Le vrai visage de Belleville

Par Roxana Azimi · Le Journal des Arts

Le 20 janvier 2010 - 732 mots

Le quartier de Belleville, à Paris, s’impose comme le terreau de nouvelles jeunes galeries radicales

PARIS - Pour beaucoup de Parisiens, Belleville se résume à un quartier populaire, doté d’un grand pourcentage de logements sociaux. Les étrangers, eux, le voient comme l’équivalent de Brooklyn ou du Lower East Side à New York, ou encore de l’East End londonien. Ces derniers ont bien senti la fibre artistique d’un périmètre où résident de nombreux critiques d’art et curateurs, et où se sont agrégées plusieurs jeunes galeries pointues, attirées par la présence du FRAC Île-de-France/Le Plateau.

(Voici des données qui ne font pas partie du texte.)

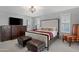 Bright main bedroom with decorative chandelier, accent furniture, and plantation shutters at 9621 E Calgary Ave, Sun Lakes, AZ 85248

L’installation du galeriste Jocelyn Wolff en 2003 et celle de Cosmic (aujourd’hui Bugada & Cargnel) en 2005 ont préparé le terrain pour Castillo/Corrales, Balice Hertling, Gaudel de Stampa, ou encore Suzanne Tarasiève et son Loft19. « Je n’avais pas envie d’ouvrir une galerie dans le contexte très marqué du quartier du Marais. C’est bien qu’une galerie naissante participe à l’évolution d’un quartier, indique Denis Gaudel, directeur de Gaudel de Stampa. Les collectionneurs pointus, qui s’intéressent à des formes d’art radicales, se préoccupent aussi des questions d’urbanisme, d’évolution de la ville. »

Impératifs économiques
Plus que la mixité sociale ou ethnique, ce sont bien souvent les impératifs économiques qui ont amené les jeunes structures à choisir Belleville. La plupart d’entre elles n’ont pas eu à payer de reprise de bail ou de pas-de-porte. Depuis novembre dernier, deux jeunes galeries, Marcelle Alix et Crèvecœur, ont pris place dans des boutiques jumelles rue Jouye-Rouve. Toutes deux profitent de l’effet de vase communicant avec leurs confrères précédemment établis. Bien qu’elle existe depuis un an et demi, Crèvecœur jouit d’une visibilité dont elle ne bénéficiait pas dans son ancienne localisation à Oberkampf. « Je sors du no man’s land, confie son directeur Axel Dibie. Mon espace est plus petit, mais il s’agit d’un développement. »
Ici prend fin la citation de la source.